I have three passions in my life apart from my faith and family, summed up in the phrase that has become my life purpose mantra: Teaching worship leadership.
I am a teacher because I am a learner. My personality makes me gravitate toward a constant influx of new information, researching and seeking to understand things that surround me or interest me. Because I love to learn, I love to teach. Teaching the things that I have learned not only helps me further absorb them, it gets me more excited about learning. I’ll admit this sometimes gets me into trouble. Not everyone likes learning the way I do, and not everyone would like me to be their teacher. Also, the phrase “nerd alert” comes to mind…
Worship has been a passion of mine since my early teens.
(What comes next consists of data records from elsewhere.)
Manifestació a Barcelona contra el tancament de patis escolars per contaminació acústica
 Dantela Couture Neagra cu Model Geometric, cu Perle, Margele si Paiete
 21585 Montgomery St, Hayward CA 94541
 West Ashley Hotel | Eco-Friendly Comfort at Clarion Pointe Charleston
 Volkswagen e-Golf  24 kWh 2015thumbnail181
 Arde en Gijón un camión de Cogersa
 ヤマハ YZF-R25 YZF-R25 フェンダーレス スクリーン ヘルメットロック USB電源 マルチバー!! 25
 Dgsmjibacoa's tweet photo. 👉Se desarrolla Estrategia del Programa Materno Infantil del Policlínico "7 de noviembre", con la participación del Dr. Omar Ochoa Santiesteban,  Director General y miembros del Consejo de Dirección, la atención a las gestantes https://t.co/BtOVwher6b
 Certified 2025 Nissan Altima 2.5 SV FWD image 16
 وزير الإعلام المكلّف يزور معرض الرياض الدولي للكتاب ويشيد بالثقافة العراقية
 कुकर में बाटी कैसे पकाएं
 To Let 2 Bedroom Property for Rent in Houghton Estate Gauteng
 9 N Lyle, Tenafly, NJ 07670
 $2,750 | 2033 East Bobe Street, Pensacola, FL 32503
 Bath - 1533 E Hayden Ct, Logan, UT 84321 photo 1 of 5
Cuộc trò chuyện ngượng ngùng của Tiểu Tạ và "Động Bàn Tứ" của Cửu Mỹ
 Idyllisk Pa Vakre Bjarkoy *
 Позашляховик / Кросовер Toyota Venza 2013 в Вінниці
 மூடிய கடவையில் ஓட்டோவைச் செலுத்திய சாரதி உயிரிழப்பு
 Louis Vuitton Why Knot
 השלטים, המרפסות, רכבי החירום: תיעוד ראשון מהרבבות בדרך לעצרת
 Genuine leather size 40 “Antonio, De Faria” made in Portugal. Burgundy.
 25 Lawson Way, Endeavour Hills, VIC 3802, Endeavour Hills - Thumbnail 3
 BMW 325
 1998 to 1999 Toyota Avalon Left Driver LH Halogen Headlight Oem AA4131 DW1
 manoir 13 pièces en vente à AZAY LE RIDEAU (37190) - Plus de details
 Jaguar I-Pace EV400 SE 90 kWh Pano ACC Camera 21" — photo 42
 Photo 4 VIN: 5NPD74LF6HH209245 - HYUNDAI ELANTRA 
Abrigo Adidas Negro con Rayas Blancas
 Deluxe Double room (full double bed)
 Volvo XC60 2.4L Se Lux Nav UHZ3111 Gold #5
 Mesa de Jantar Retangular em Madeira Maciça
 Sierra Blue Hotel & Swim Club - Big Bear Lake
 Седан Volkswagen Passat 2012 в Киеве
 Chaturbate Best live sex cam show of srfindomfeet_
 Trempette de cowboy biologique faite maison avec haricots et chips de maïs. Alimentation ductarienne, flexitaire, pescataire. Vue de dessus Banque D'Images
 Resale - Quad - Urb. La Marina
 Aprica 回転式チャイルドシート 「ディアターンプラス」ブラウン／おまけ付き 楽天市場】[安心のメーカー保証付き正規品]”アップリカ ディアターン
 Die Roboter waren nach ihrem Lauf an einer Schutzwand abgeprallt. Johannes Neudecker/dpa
A profound experience in prayer led me to pursuing a ministry path and ultimately career in worship leading, one that I plan to follow until I can’t anymore. At first I thought that a calling in worship meant that I’d constantly be in front of people with a guitar in my hands, but that has only been partially true. Education and experience has deepened (and widened) my understanding of what worship is. Worship is much broader than music, singing or a Sunday activity. When we see worship as a way of life, a perspective-orienting posture before God, it changes everything from our thinking, our work, our relationships and our priorities.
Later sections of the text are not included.